Halogen bonds have been found to occur in organic, inorganic, and biological systems, and have recently attracted much attention in medicinal chemistry, chemical biology and supramolecular chemistry (Auffinger et al., 2004, Metrangolo et al., 2005, Wilcken et al., 2013, Sirimulla et al., 2013). We have recently reported the crystal structures of chlorinated 3-formylchromone derivatives 6,8-dichloro-4-oxochromene-3-carbaldehyde (Ishikawa & Motohashi, 2013, Fig.2 (top)) and 6-chloro-4-oxo-4H-chromene-3-carbaldehyde (Ishikawa, 2014, Fig.2 (middle)). It was found that a halogen bond is formed for 6,8-dichloro-4-oxochromene-3-carbaldehyde between the formyl oxygen atom and the chlorine atom at the 8-position, but none is formed for 6-chloro-4-oxo-4H-chromene-3-carbaldehyde between the formyl oxygen atom and the chlorine atom at the 6-position. As part of our interest in this type of chemical bonding, we herein report the crystal structure of a monochlorinated 3-formylchromone derivative 8-chloro-4-oxo-4H-chromene-3-carbaldehyde. The objective of this study is to reveal whether halogen bond(s) can be formed in the crystal of the title compound with the chlorine atom at 8-position and without a halogen atom at 6-position.

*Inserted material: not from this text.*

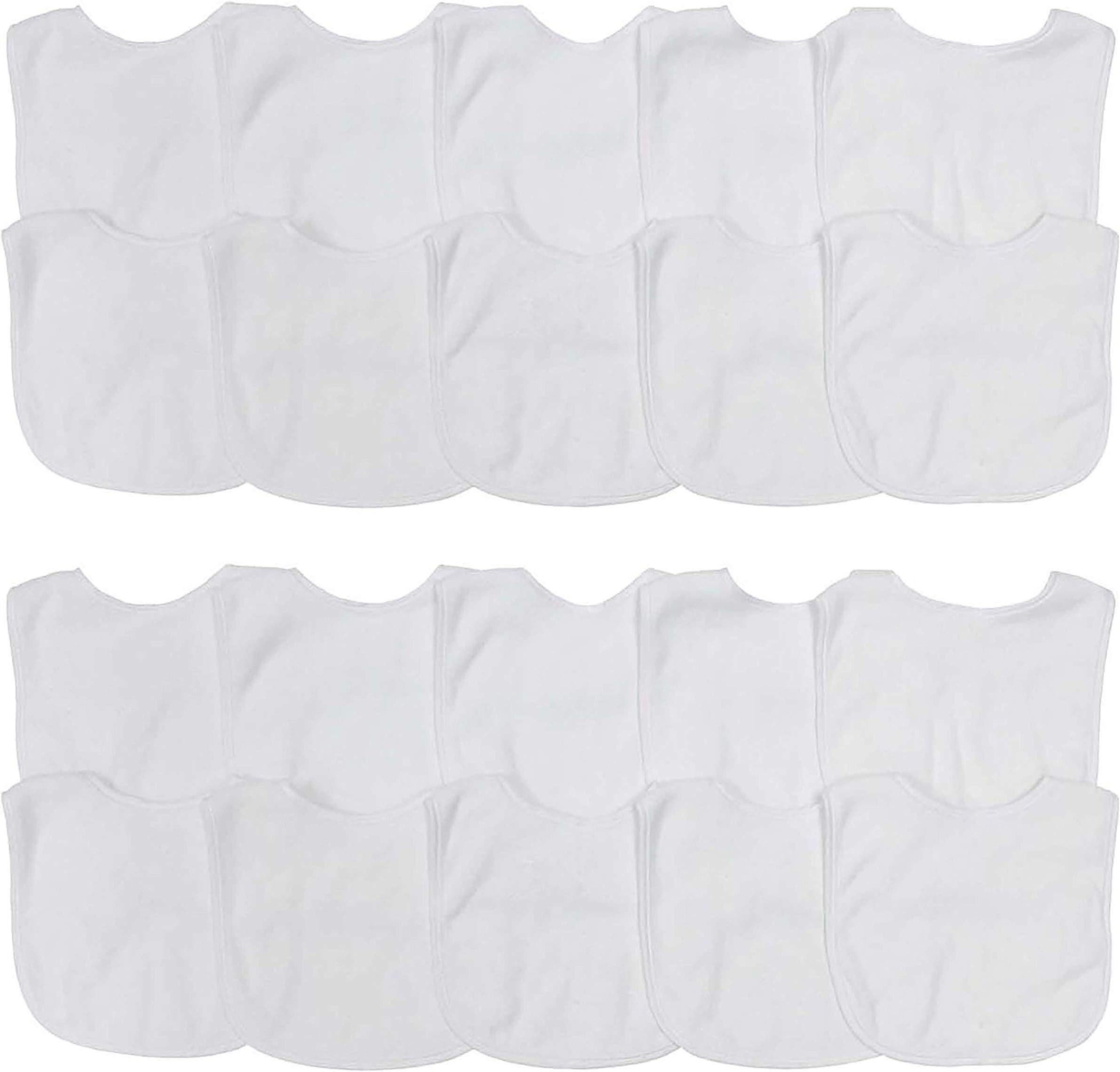 Photo 1 of Neat Solutions 2-Ply Knit Terry Solid Color Feeder Bibs in White - 20 Pack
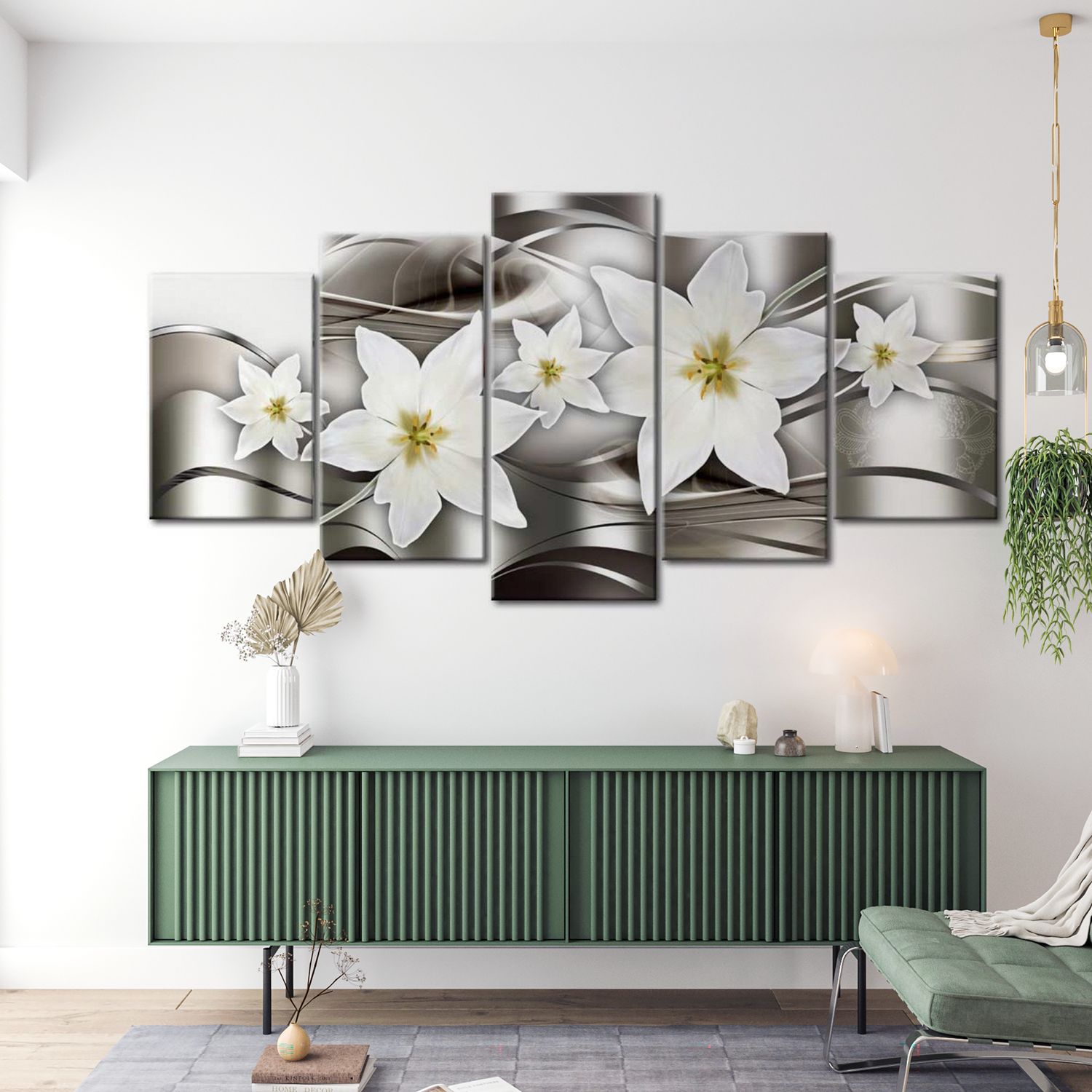 Stretched Canvas Glamour Art - Mysterious Lilies 40"Wx20"H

The mean deviation of the least-square planes for the non-hydrogen atoms is 0.0316 Å, and the largest deviation is 0.0598 (14) Å for C1. These mean that these atoms are essentially coplanar. In the crystal, the molecules are stacked with their inversion-symmetry equivalent along the b-axis direction [centroid–centroid distance between the pyran and benzene rings of the 4H-chromene units = 3.566 (2) Å, symmetry operator i: -x + 1, -y + 1, -z + 2], as shown in Fig.1.
The distance between the chlorine atom and the formyl oxygen atom of the translation-symmetry equivalent [Cl1···O3ii = 3.301 (2) Å, ii: x, y, z + 2] is nearly equal to the sum of their van der Waals radii [3.27 Å] (Bondi, 1964), as shown at the bottom of Fig.2. Thus, it is concluded that there is no halogen bond in the title compound. On the other hand, the angles of C–Cl···O (157.15 (6)°) and Cl···O=C (129.24 (10)°) are close to those of 6,8-dichloro-4-oxochromene-3-carbaldehyde, (C–Cl···O (160.4 (3)°) and Cl···O=C (138.7 (4)°), Fig.2(top)). Thus, the significance of the vicinal electron-withdrawing substituent in forming of a halogen bond (Wilcken et al., 2013) is crystallographically validated from the fact that halogen bonding is observed in the dichlorinated 3-formylchromone, but is not observed in the monochlorinated ones. These results should be invaluable for rational drug design.